• _Data entries_
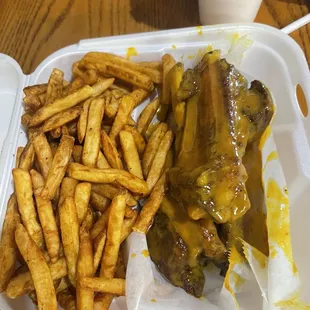Ribs 3 da hard way and fries.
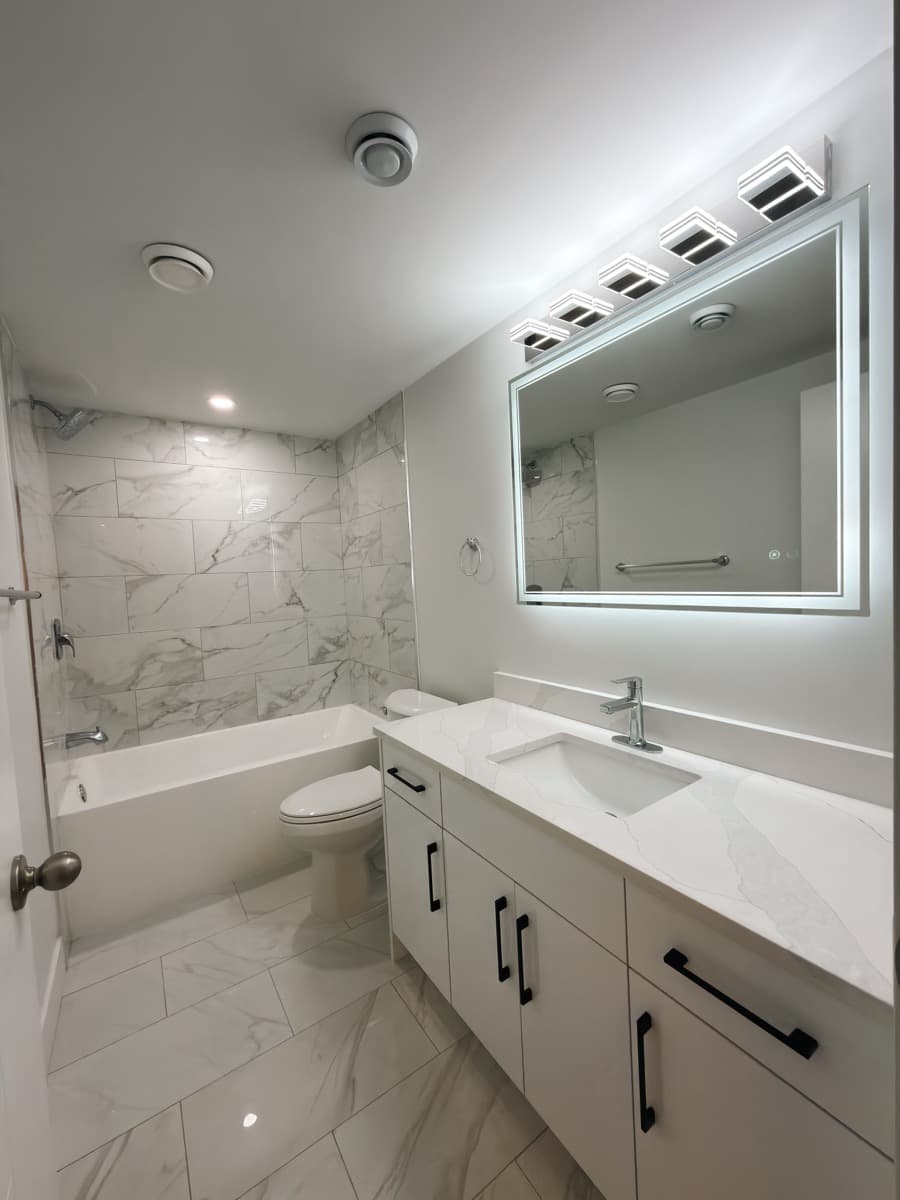 Finished bathroom with marble tile, LED mirror and white vanity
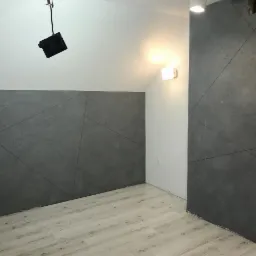 Pokój po remoncie ze ścianą i filarem pokrytymi szarą, dekoracyjną strukturą z geometrycznym wzorem, jasne panele na podłodze, surowe oświetlenie.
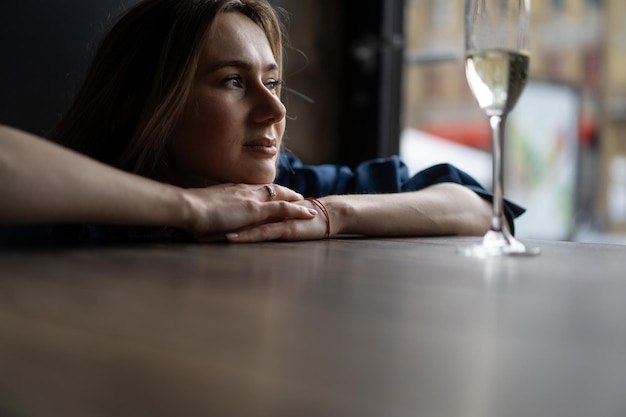 Young beautiful woman in a cafe, a woman drinking champagne in a cafe and talking.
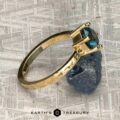 The "Snowflake" ring in 18K yellow gold, hammered and polished, with a 1.80-carat Montana sapphire, stands on a raw blue crystal atop a textured gray surface with "EARTH'S TREASURY" below.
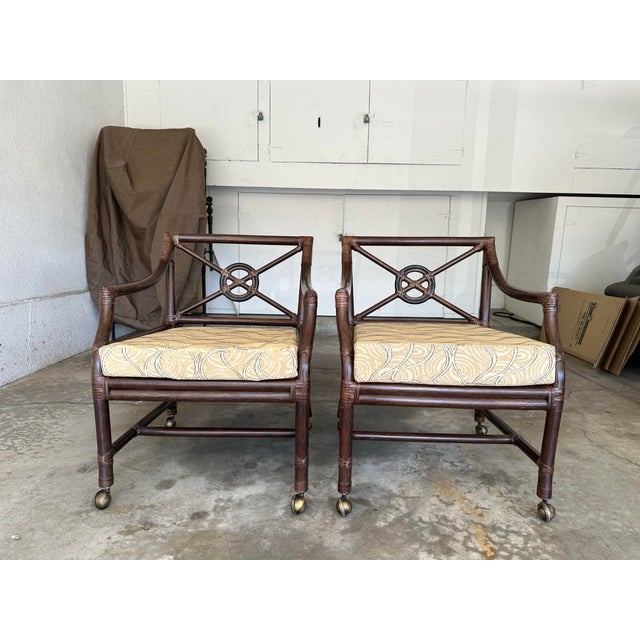 A beautiful pair of McGuire Target Back lounge chairs on casters. Purchased new in 2000. Two pairs and a single are...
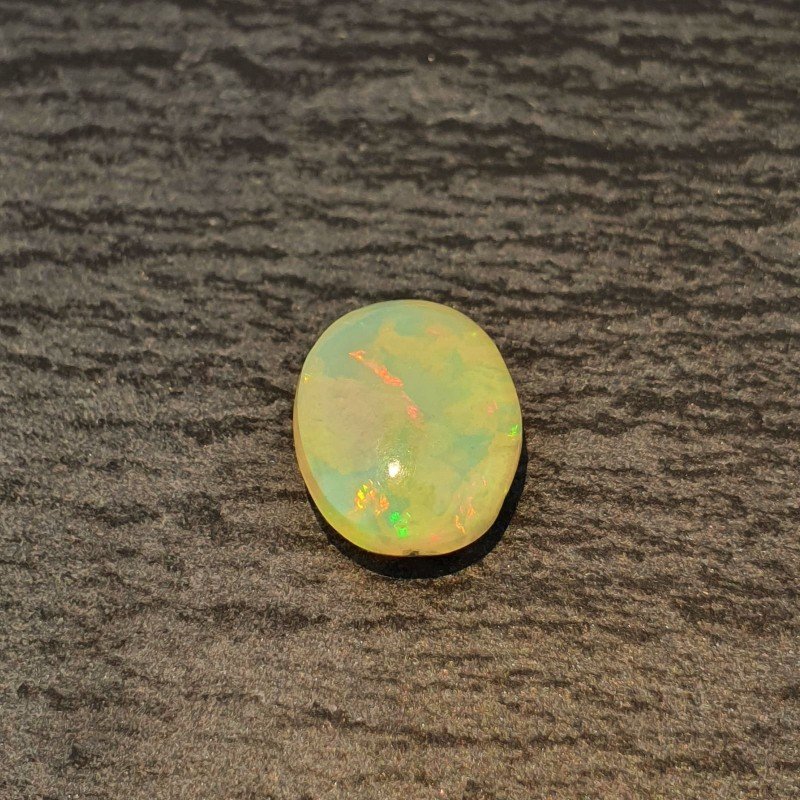 Opale Etiope 'Welo' Naturale Forma Ovale Piatto Cabochon Liscio Fatto a Mano 11,4X9X5mm 2,45 Carati 1pz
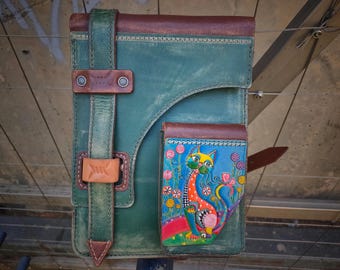 May include: A teal green leather notebook with a brown leather flap and a brown leather strap. The notebook has a smaller pocket on the front with a colorful illustration of a cat in a garden.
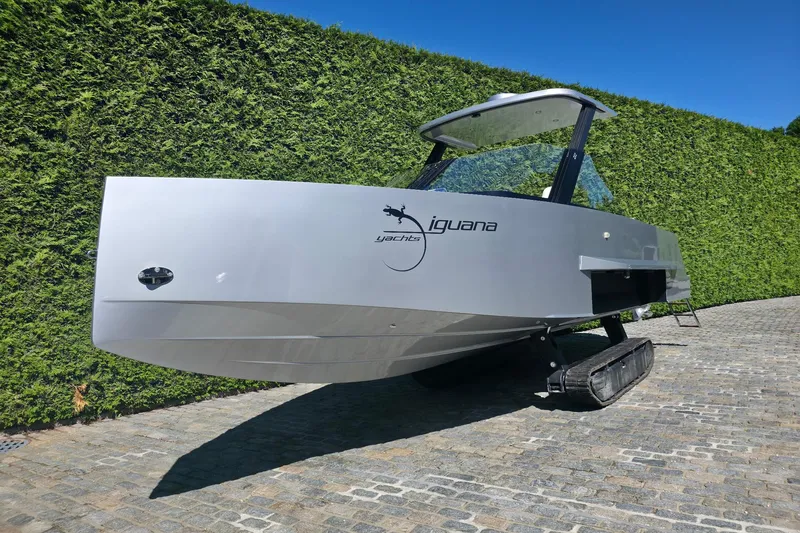 Slide: The Image of 2025 Iguana Commuter amphibious boat with tracks, parked on cobblestone path. - 2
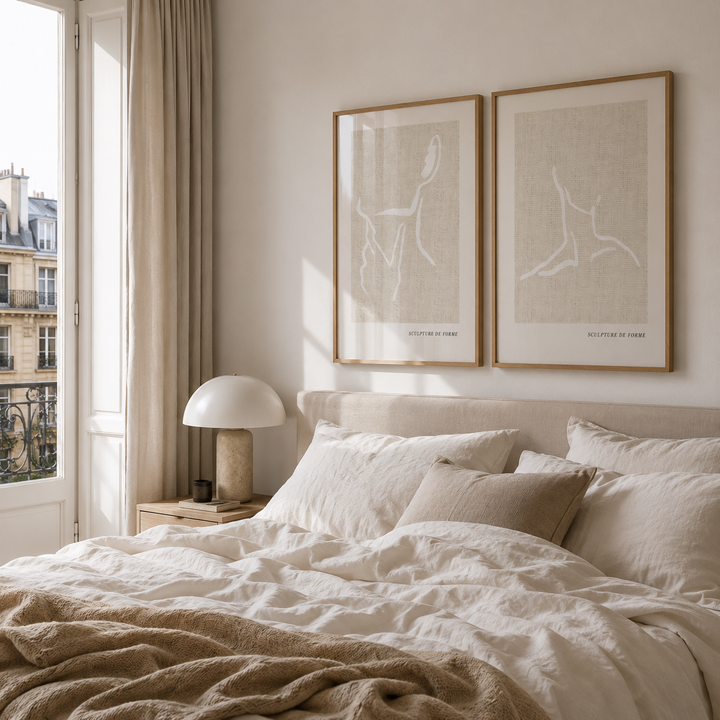 Neatly made bed with beige and white bedding in a bedroom with framed artwork on the wall.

• _Task goal_
Exact lines, nothing more: output the one with "Slide: The Image" and every later line through the end of the data, skipping pictures.

• _Solution to this exercise_
 Slide: The Image of 2025 Iguana Commuter amphibious boat with tracks, parked on cobblestone path. - 2
 Neatly made bed with beige and white bedding in a bedroom with framed artwork on the wall.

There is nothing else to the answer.